How we make remote working work
Thankfully, Kyero has had the past eleven years to figure out how to work remotely. Today, we have a super strong culture because of remote working, not despite it.
As your business gets to grips with physical isolation to control the spread of Coronavirus, we’d like to share our experience, ideas and tools about remote working. Perhaps you can turn this challenge into an opportunity to experiment with a new way of working in the future?
We didn’t start as a remote company – fifteen years ago we had an office full of people. But the 2008/9 recession prompted us to downsize and work remotely. We’ve learnt as we’ve gone along and made many mistakes. Today, however, remote is ‘business as usual’ for Kyero – and it can be for you too.
How to get started with remote working?
We suggest you start slowly: come up with a small trial project – pick people on your team who are keen to try remote working, define the scope and have clear deliverables & metrics for success.
Remote isn’t a cure-all, it’s not a magic trick and it doesn’t work for everyone in every situation.
Your people need to be self-motivated and happy to be accountable for delivering an outcome.
As a manager, you have to dispense with the usual proxies of productivity – early starts and long hours.
Micro-managing doesn’t work with a remote team.

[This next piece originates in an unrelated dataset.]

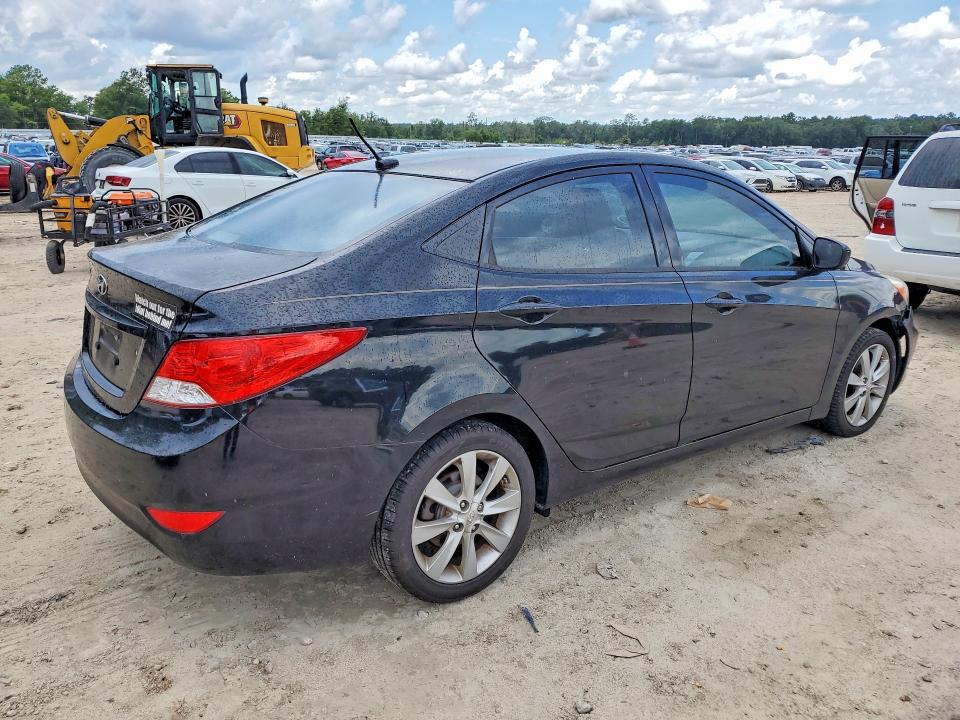 Продаж на аукціоні авто 2014 Hyundai Accent, vin: KMHCU4AEXEU718962, номер лоту: 64390326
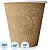 Стакан одноразовый бумажный Сканди Пакк Лабиринт 300/408 мл крафт (40  штук в упаковке)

Instead, your role is to support them and remove obstacles standing in the way of them achieving the goal.
And when you’re ready to try remote working…
Here are some of the Tools & Apps we use:
Communication
Slack – online chat tool
Vonage – Voip for phone calls
Video
Zoom – video 1:1s, all hands meetings
Project Management
Trello – organisation, track progress on projects
Document management
Tettra – online wiki of processes, employee handbook
Google Docs – shared cloud documents
Security
1password – security, share passwords
Systems
Process Street – systematise processes
Final thoughts
Have you ever worked remotely? How have you adapted to the current situation? Are there any other apps, tips or tools that you can share? And looking ahead to when this is all over and things begin to return to normal, do you think remote working is something you’d consider continuing with?